I tried your suggested design, and found the result is different. There are 10 sig DEGs in the end.
> design <- model.matrix(~0+AR+gender+chip,data=targets)
> design
ARneg ARpos genderM chip
1 0 1 0 1
2 1 0 0 1
3 1 0 1 2
4 0 1 1 2
5 1 0 0 2
6 0 1 1 2
7 0 1 1 2
8 0 1 1 3
9 0 1 1 3
10 0 1 1 3
11 0 1 1 3
12 0 1 0 4
13 0 1 0 4
14 0 1 1 4
15 0 1 1 4
16 0 1 0 5
17 0 1 1 5
18 0 1 1 5
I also tried this design, which I originally thought would be the same as yours, but is different. There are 3 sig DEGs in the end. Could you please explain the cause of the difference ??

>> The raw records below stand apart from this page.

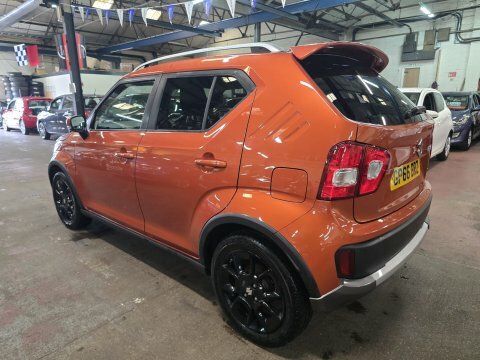 Suzuki Ignis Sz5 Allgrip Shvs GP66BRZ Black #4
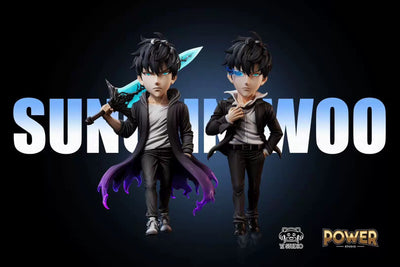Solo Leveling Japanese Manga All-Star Series #9 Suit Sung Jin-Woo WCF GK Statue - YZ Studio & Power Studio [Pre-Order]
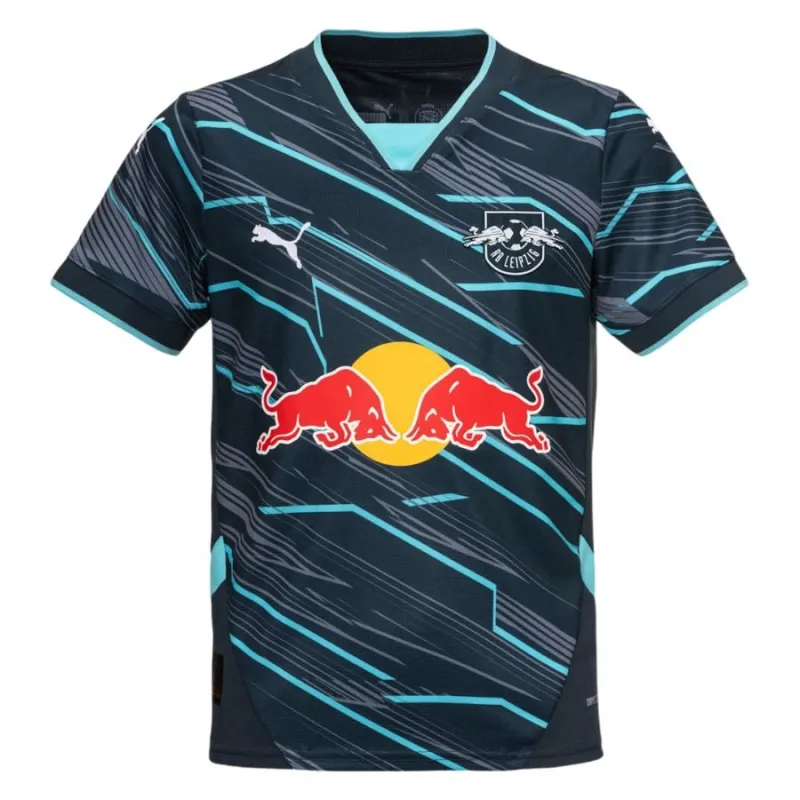 2024/25 RB Leipzig Kinder - Dritte - Fan - Trikot (Schwarz)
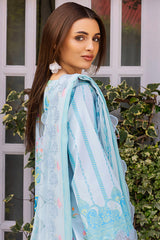 3-PC Stitched Embroidered Lawn Collection CRB6-18P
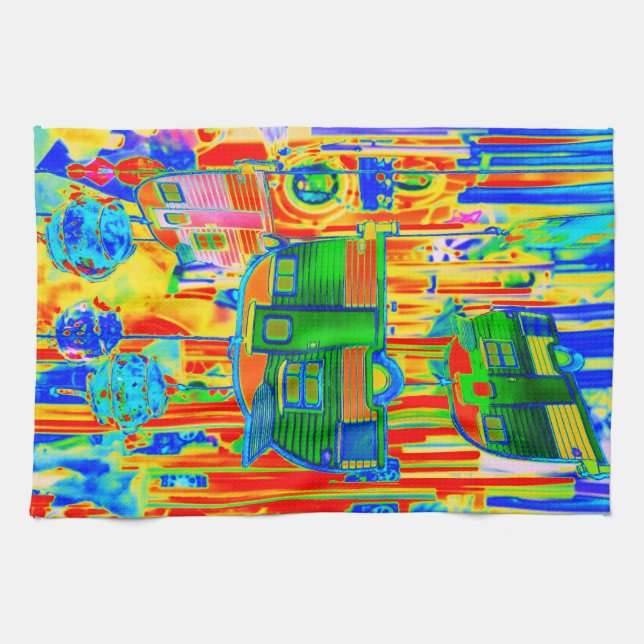 Travel Tea Towel (Horizontal)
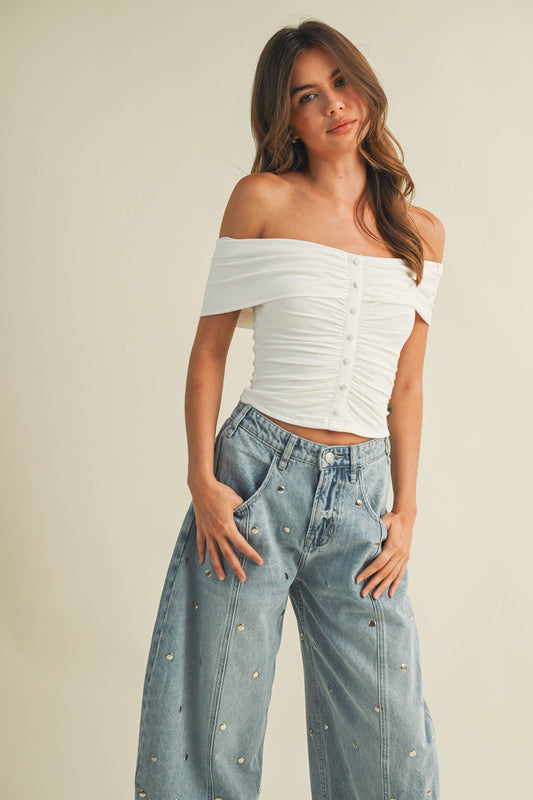 The Bella Off-Shoulder Top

> gender <- factor(targets$gender)
> AR <- factor(targets$AR)
> chip <- factor(targets$chip)
> design <- model.matrix(~0+AR+gender+chip)
> design
ARneg ARpos genderM chip2 chip3 chip4 chip5 chip6
1 0 1 0 0 0 0 0 0
2 1 0 0 0 0 0 0 0
3 1 0 1 1 0 0 0 0
4 0 1 1 1 0 0 0 0
5 1 0 0 1 0 0 0 0
6 0 1 1 1 0 0 0 0
7 0 1 1 1 0 0 0 0
8 0 1 1 0 1 0 0 0
9 0 1 1 0 1 0 0 0
10 0 1 1 0 1 0 0 0
11 0 1 1 0 1 0 0 0
12 0 1 0 0 0 1 0 0
13 0 1 0 0 0 1 0 0
14 0 1 1 0 0 1 0 0
15 0 1 1 0 0 1 0 0
16 0 1 0 0 0 0 1 0
17 0 1 1 0 0 0 1 0
18 0 1 1 0 0 0 1 0
19 1 0 1 0 0 0 0 1
20 1 0 1 0 0 0 0 1
Actually, what I did after my post was to treat the chip as a random effect instead of a fixed batch effect (although I though the code in my last post was correct), because I thought the within batch data is not well balanced and applying a mixed model may be safer. There are 11 sig DEGs generated from the mixed model, including the above 10 and 3 sig genes. Please add any thoughts you have so that I can learn more. Thank you very much !
Thanks,
Xiayu
-----Original Message-----
From: Federico Lasa [mailto:felasa at gmail.com]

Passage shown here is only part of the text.